Book Review: Rocket Girl – The Story of Mary Sherman Morgan, America’s First Female Rocket Scientist
Rocket Girl: The Story of Mary Sherman Morgan, America’s First Female Rocket Scientist by George D. Morgan; Prometheus Books; Amherst, New York; $18.00 (soft cover); July 2013.
No doubt, many have been absorbed by Homer Hickam’s Rocket Boys (also known as October Sky).
But this book captures a lost legacy surrounding Mary Sherman Morgan. It’s a compelling read about a woman that ascended the male-dominated heights in the early days of the space program to become a true “gender bender” that shaped rocket engineering.
The book’s foreword sets the stage, written by Ashley Stroupe. As a robotics engineer at Jet Propulsion Laboratory – the first woman to drive a rover on Mars – she writes about the “open doors” made available to her, “not the world Mary Sherman Morgan faced.”
This volume is an absorbing biography, one that called upon the author to do detective work that details one woman’s legacy that enabled America’s space program to, quite literally, get off the ground.
Morgan worked at North American Aviation’s Rocketdyne Division. As a Theoretical Performance Specialist — a job that required her to mathematically calculate the expected performance of a new rocket fuel, hydyne — Mary Sherman Morgan’s work enabled the Jupiter-C rocket to toss into Earth orbit the first U.S. satellite into orbit, Explorer 1.

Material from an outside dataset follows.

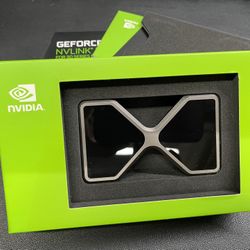 Nvidia nvlink sli bridge for rtx 30 series ai work, 4-slot, new in box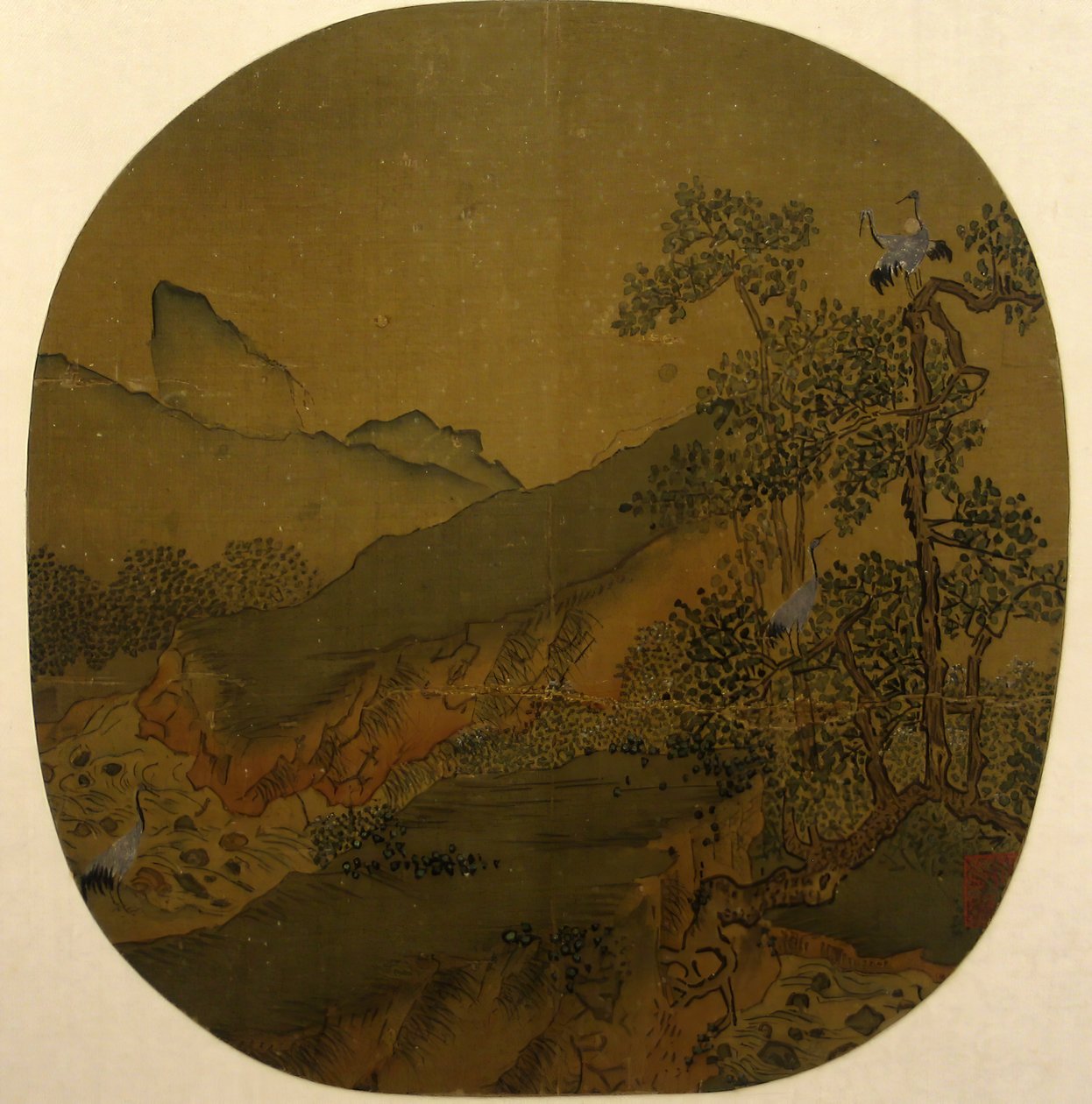 Paesaggio montano da Unbekannt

The author of this passionate volume is George D. Morgan, a playwright in Residence at the California Institute of Technology. He writes of his mother: “She was a genius at everything she did but at nothing else was she more skilled than her prankish, stealthy campaign of personal self-erasure.”
You’ll find this book a pleasing and enlightening read. It underscores the need to give credit and credence to the many contributions that women scientists, like Morgan, gave and continue to give, to shape the country’s space endeavors.